▶ **Problem requirements**
Which lines of the listing hold the string "Road"? Copy those lines.

**** Source data

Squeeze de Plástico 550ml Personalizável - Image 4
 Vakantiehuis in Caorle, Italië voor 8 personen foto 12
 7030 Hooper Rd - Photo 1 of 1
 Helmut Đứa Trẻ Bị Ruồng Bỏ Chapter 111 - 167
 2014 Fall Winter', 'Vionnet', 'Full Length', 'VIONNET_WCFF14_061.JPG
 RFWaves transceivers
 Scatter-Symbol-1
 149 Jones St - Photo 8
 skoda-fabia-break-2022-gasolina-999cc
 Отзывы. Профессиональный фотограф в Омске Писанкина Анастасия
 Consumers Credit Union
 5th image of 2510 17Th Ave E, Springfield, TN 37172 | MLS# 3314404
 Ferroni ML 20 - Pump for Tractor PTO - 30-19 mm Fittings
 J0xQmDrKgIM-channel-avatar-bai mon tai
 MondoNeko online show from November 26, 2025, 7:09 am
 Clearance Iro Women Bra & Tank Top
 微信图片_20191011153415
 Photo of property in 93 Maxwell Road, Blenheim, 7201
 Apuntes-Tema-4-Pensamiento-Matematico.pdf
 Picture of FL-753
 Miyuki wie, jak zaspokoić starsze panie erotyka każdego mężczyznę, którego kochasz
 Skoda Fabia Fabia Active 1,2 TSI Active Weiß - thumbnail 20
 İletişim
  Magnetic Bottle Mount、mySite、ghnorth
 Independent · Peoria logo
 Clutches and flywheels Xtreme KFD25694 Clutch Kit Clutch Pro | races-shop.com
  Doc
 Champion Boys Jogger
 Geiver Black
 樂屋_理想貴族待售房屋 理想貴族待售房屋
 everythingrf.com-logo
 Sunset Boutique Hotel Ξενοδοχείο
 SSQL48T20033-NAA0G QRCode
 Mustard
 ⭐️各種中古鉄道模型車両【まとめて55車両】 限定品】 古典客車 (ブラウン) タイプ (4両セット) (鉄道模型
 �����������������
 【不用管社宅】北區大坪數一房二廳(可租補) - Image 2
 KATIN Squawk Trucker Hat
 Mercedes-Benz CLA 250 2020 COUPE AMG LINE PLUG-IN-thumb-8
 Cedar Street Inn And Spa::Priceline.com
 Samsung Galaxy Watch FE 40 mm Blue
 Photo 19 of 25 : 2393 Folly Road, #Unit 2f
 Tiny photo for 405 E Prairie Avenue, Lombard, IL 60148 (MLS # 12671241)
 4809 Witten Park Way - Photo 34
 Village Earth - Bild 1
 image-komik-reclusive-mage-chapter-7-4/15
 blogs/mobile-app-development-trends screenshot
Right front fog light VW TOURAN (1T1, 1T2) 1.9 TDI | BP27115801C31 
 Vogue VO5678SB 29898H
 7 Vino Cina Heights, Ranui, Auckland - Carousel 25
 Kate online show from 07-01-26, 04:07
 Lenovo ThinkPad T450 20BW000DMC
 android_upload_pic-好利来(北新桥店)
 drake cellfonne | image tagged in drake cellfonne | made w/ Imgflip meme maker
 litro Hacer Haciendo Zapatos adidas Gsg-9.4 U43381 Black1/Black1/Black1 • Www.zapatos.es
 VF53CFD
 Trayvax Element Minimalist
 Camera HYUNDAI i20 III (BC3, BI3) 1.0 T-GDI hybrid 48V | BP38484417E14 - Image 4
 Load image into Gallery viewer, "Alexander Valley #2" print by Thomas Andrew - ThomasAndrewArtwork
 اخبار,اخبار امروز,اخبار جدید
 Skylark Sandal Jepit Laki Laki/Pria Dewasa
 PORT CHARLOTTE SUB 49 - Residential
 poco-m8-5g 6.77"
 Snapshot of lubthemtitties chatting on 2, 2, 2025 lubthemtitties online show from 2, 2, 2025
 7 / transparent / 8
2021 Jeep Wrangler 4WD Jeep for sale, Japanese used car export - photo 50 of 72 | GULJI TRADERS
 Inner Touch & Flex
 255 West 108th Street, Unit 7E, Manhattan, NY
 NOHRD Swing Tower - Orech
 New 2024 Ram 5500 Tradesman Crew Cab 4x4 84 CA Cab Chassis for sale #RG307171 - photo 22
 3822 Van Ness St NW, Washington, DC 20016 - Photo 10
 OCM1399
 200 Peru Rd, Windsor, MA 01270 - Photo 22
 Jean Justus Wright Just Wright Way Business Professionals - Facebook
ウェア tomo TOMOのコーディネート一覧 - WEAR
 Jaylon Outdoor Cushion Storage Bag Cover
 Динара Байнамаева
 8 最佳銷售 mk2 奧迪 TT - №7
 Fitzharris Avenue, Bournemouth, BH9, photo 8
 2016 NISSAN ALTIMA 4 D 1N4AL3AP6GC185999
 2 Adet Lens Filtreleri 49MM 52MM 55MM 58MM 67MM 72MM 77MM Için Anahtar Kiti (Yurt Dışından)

********

▶ **Exercise result**
 Photo of property in 93 Maxwell Road, Blenheim, 7201
 Photo 19 of 25 : 2393 Folly Road, #Unit 2f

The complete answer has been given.